--- WHAT THE TASK REQUIRES ---
Once you find the line containing "Ssangyong Berry New", output it and every line after it to the end of the records, exactly.

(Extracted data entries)

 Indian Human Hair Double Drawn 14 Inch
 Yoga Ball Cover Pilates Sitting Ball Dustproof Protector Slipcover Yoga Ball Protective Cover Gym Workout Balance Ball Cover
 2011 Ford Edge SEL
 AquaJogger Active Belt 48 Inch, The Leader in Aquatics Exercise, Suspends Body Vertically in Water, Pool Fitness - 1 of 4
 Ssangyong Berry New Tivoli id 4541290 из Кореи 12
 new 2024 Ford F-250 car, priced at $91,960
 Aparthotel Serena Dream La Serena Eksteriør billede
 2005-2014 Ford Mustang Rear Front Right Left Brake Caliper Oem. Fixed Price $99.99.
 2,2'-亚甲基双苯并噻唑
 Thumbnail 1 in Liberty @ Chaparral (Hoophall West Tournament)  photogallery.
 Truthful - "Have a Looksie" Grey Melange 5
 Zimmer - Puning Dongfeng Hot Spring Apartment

--- RESPONSE TO THIS TASK ---
 Ssangyong Berry New Tivoli id 4541290 из Кореи 12
 new 2024 Ford F-250 car, priced at $91,960
 Aparthotel Serena Dream La Serena Eksteriør billede
 2005-2014 Ford Mustang Rear Front Right Left Brake Caliper Oem. Fixed Price $99.99.
 2,2'-亚甲基双苯并噻唑
 Thumbnail 1 in Liberty @ Chaparral (Hoophall West Tournament)  photogallery.
 Truthful - "Have a Looksie" Grey Melange 5
 Zimmer - Puning Dongfeng Hot Spring Apartment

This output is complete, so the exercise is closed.